Natural Language Processing, Computer Vision and Speech Recognition
Our ultimate goal is to prepare you for a meaningful career involving artificial intelligence, whether that means applying smart algorithms to solve hard problems, or designing intelligent products that can interact with humans, or even pushing the envelope with further research! Therefore the concentrations that we choose to build out will depend on what skills are most important for the AI workforce today, and in the future. With valuable inputs from our partners and advisors, we have identified 3 concentrations to launch in our first offering of Term 2: Natural Language Processing, Computer Vision, and Speech Recognition. Each of these concentrations is being developed in collaboration with experts who have a strong academic background as well as industry experience designing complex intelligent systems.

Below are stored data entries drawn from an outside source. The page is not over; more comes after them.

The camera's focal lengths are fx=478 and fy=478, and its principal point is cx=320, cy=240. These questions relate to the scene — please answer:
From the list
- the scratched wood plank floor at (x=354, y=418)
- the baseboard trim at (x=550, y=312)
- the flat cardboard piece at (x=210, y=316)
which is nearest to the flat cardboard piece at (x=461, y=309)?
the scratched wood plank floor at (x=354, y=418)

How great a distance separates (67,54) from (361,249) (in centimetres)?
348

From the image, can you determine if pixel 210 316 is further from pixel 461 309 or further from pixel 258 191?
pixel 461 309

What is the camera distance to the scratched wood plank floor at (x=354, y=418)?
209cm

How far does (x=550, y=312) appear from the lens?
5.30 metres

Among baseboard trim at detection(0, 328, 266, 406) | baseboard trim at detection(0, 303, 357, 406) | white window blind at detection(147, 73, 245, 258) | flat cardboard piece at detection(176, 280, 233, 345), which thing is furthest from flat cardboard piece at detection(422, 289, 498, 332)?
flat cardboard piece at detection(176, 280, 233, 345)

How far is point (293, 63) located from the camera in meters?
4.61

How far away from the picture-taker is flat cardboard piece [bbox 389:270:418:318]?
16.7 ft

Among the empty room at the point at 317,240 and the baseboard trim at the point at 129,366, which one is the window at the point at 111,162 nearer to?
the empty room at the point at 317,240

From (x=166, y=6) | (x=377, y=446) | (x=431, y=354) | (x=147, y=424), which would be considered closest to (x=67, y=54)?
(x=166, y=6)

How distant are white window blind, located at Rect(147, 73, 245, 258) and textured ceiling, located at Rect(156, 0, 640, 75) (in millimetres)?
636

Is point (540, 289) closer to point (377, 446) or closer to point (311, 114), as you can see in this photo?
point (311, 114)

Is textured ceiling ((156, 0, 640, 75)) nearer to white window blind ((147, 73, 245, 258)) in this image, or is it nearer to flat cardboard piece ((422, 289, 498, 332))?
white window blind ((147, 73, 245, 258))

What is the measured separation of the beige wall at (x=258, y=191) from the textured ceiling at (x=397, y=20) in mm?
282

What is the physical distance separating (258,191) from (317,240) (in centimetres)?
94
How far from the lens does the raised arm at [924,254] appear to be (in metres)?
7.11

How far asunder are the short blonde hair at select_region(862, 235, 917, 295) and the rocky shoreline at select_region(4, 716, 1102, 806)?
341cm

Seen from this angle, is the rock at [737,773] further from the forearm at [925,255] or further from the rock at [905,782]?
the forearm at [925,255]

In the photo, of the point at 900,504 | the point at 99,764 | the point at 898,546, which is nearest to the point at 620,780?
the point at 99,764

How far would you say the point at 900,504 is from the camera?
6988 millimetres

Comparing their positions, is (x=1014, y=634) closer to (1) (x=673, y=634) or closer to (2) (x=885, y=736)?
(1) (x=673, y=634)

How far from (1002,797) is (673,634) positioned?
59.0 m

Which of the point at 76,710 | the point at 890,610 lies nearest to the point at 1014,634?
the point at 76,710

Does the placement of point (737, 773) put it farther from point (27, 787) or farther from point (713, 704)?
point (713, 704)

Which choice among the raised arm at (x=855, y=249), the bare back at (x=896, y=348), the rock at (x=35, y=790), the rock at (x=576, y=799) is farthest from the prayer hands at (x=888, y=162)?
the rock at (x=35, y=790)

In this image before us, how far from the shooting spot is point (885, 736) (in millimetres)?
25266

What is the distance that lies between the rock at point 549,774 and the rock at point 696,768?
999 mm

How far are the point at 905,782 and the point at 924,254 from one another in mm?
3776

In addition to co-developing the content for these concentrations, our partners are helping us define capstone projects that address real-world problems. They will provide students with relevant datasets and access to state-of-the-art tools and platforms that are necessary for developing high-performance, scalable solutions. These projects will become important parts of your portfolio when you seek employment or admission into other academic programs, and the skills and technologies you will learn to use while working on them will empower you to excel in your career.

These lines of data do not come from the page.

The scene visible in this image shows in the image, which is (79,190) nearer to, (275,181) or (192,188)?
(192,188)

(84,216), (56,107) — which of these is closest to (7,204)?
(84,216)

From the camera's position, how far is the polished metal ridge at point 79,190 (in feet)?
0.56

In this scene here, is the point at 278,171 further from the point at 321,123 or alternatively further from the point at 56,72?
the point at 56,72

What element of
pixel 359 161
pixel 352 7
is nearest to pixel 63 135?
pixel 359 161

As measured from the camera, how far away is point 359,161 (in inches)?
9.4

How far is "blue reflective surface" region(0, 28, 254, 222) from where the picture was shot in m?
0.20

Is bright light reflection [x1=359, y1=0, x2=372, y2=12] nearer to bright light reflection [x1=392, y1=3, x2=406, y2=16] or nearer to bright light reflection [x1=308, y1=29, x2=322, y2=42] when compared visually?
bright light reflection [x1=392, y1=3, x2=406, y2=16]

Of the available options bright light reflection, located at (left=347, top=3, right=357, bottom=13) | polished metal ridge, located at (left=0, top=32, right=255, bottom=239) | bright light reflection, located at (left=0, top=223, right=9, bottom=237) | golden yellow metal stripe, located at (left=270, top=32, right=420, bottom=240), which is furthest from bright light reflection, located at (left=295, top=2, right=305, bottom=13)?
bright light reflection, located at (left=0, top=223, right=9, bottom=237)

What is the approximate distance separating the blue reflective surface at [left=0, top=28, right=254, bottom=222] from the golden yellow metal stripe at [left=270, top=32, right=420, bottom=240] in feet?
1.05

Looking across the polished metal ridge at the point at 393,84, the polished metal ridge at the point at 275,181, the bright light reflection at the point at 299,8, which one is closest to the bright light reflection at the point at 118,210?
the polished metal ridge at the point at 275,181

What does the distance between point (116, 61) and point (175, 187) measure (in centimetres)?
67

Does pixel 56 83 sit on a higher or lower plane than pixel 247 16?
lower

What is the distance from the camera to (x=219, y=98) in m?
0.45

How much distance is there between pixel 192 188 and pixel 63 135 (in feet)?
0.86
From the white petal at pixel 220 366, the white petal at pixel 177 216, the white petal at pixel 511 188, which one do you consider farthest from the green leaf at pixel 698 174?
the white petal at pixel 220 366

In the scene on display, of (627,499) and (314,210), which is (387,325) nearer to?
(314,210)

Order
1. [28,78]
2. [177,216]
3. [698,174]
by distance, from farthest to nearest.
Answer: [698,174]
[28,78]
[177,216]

Designing Our Artificial Intelligence Curriculum
Designing curriculum is equal parts philosophical, technical, and aspirational. You have an idea about the material you want to teach and why, you have the actual mechanics of how you’re going to teach that material, and you have your goals—what students will be enabled to achieve. For our Artificial Intelligence Nanodegree programs, we have designed a curriculum that will help you establish your fundamentals and pursue your passions. We have established collaborations with industry leaders that will ensure you learn the most critical skills, techniques, and tools in the field. And we have hiring partnerships in place to make certain you get the best start possible in launching your new career in Artificial Intelligence.